#### Task statement:
Leave every picture out, and give again exactly the lines from the one containing "Lona Bandera estadounidense" through the end of the listing.

#### The data:
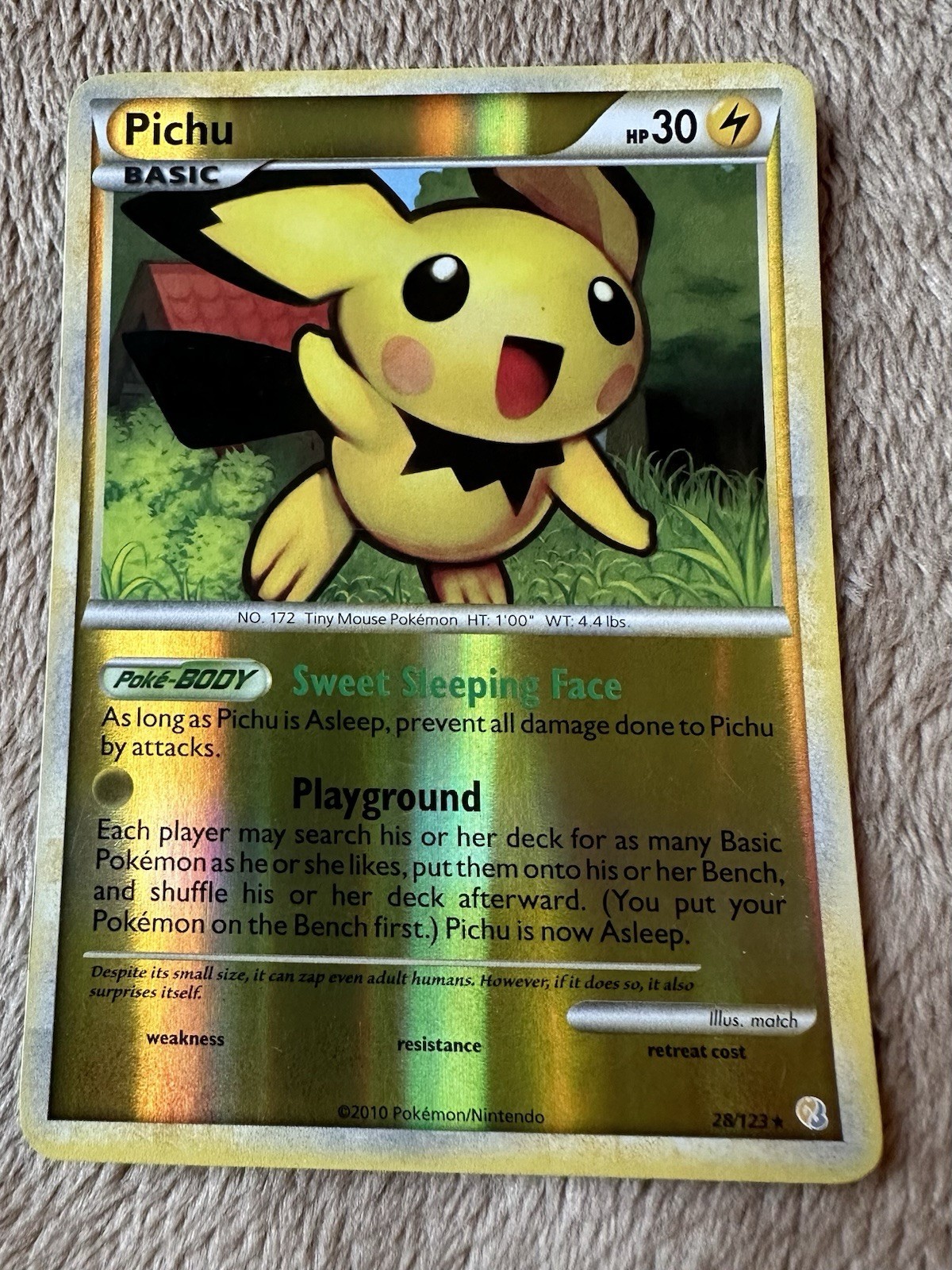 2010 Pokémon TCG HeartGold SoulSilver Pichu Reverse Holo 28/123 LP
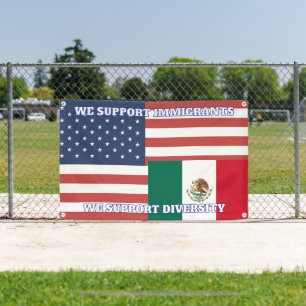 Lona Bandera estadounidense y bandera mexicana - Apoyam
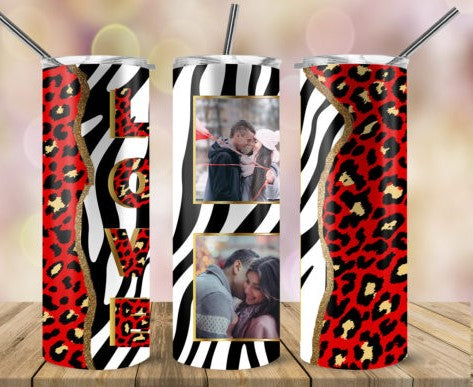 20oz Insulated Stainless Steel Travel Tumbler with lid and Custom Photo and Text - Love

#### Solution to this task:
 Lona Bandera estadounidense y bandera mexicana - Apoyam
 20oz Insulated Stainless Steel Travel Tumbler with lid and Custom Photo and Text - Love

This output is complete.